- Interactive map of Newark City Cemetery

Details
- Established: 1869
- Location: Bessemer St. Newark, New Jersey
- Country: United States
- Coordinates: 40°42′00″N 74°11′25″W﻿ / ﻿40.70000°N 74.19028°W
- Type: public
- Size: 5.2 acres (2.1 ha)
- Find a Grave: Newark City Cemetery

= Newark City Cemetery =

Defunct cemetery in Essex County, New Jersey

Newark City Cemetery, also known as Newark Municipal Graveyard and Floral Rest, in Newark, New Jersey is a no-longer-used potter's field, or cemetery for the indigent. It was in use from 1869 until the early 1950s.

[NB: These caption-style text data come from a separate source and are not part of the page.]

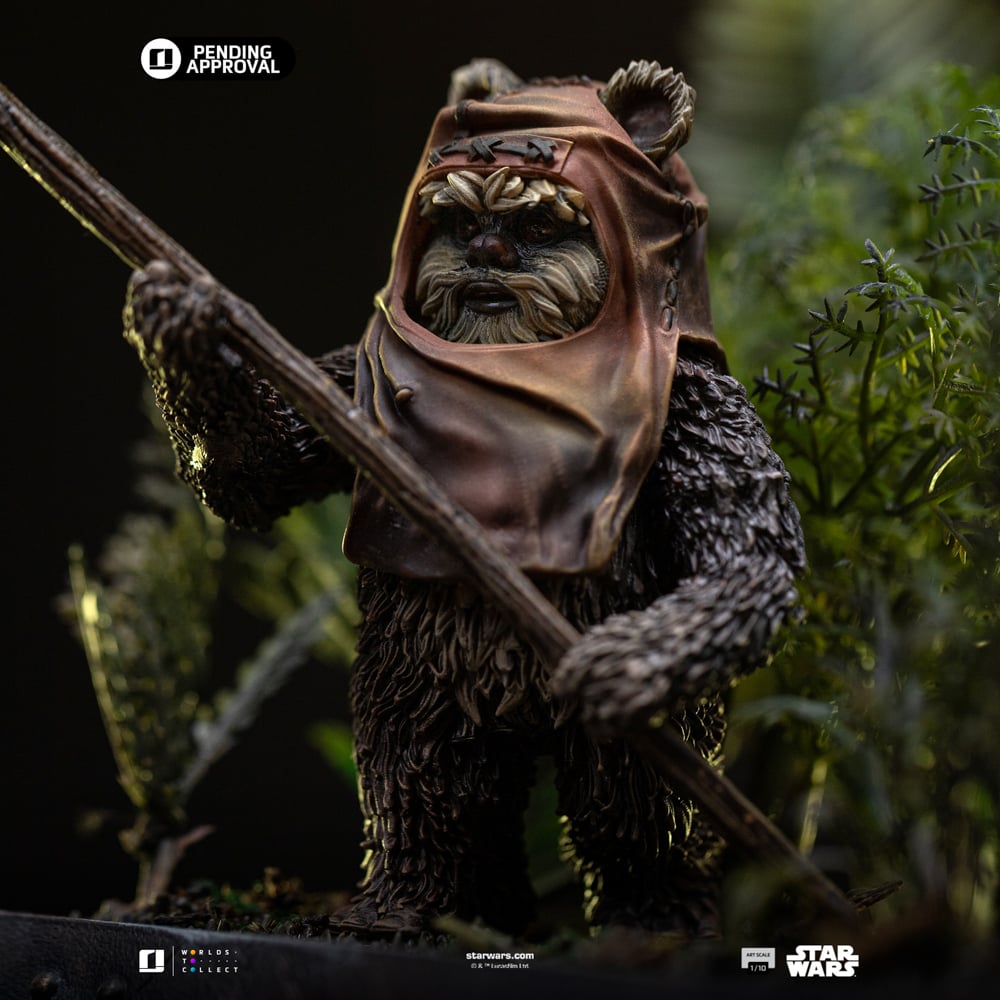 STAR WARS 6 - Leia & Wicket - Statuette Art Scale 1/10 20.1cm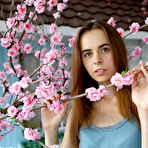 Pic of Slim brunette posing nude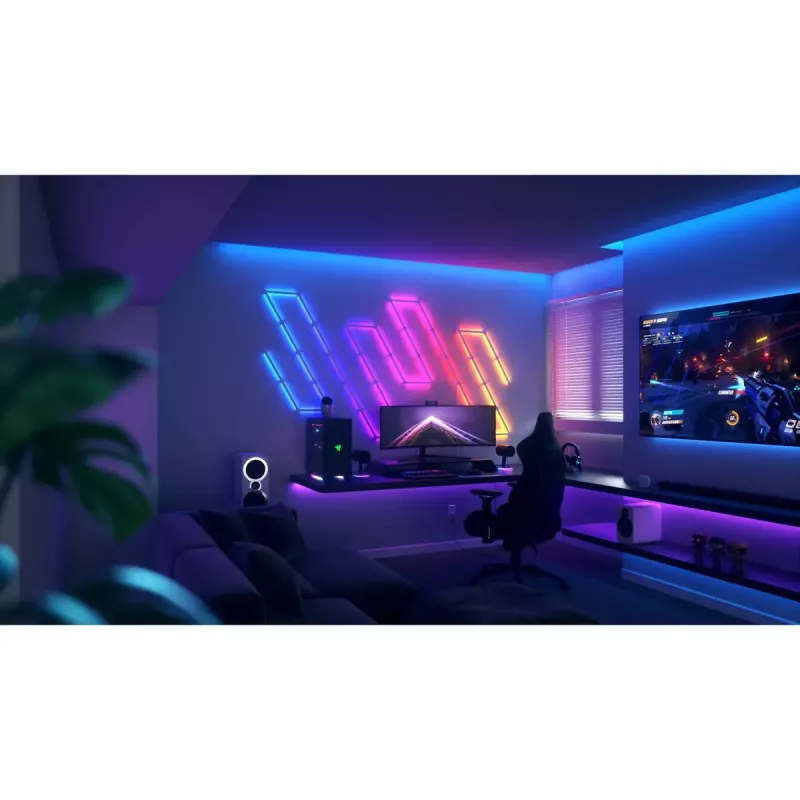 Nanoleaf Lines Starter Kit Other White RGB IP20 15 vnt.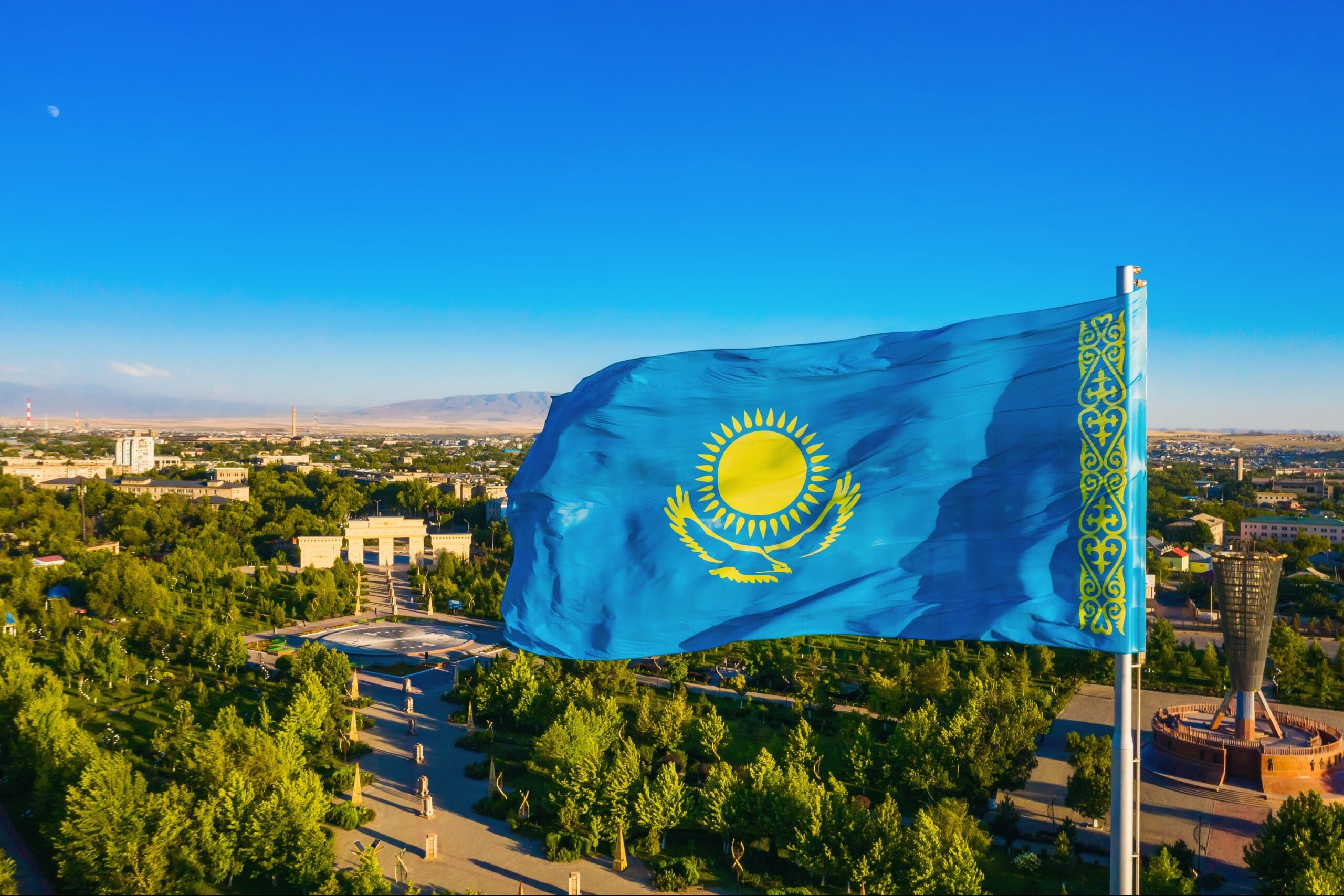 Kazakhstan Flag Unveiled: Colors, Meaning, Coat of Arms, Flag Map, and  Similar Flags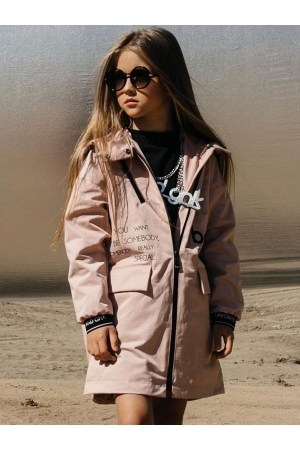 Куртка для девочки GnK (Россия) Розовый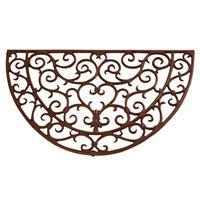 Cast Iron Scroll Half Moon Doormat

An 1889 report of the Department of Health of the State of New Jersey found with respect to the no-longer extant Clinton Township, which once included the area: "There are two cemeteries, or burial-places, in the township – Clinton cemetery, in the village and upon the banks of Elizabeth River, and Newark potter's field, down in the salt meadow section". Located in the Dayton neighborhood on Bessemer St. near Newark Airport and is prominently visible from the monorail serving it.

The city began using the cemetery as a dump in 1954, until it was ordered to restore it in 1998.

The area has been restored, but as of 2010 it is closed to the public.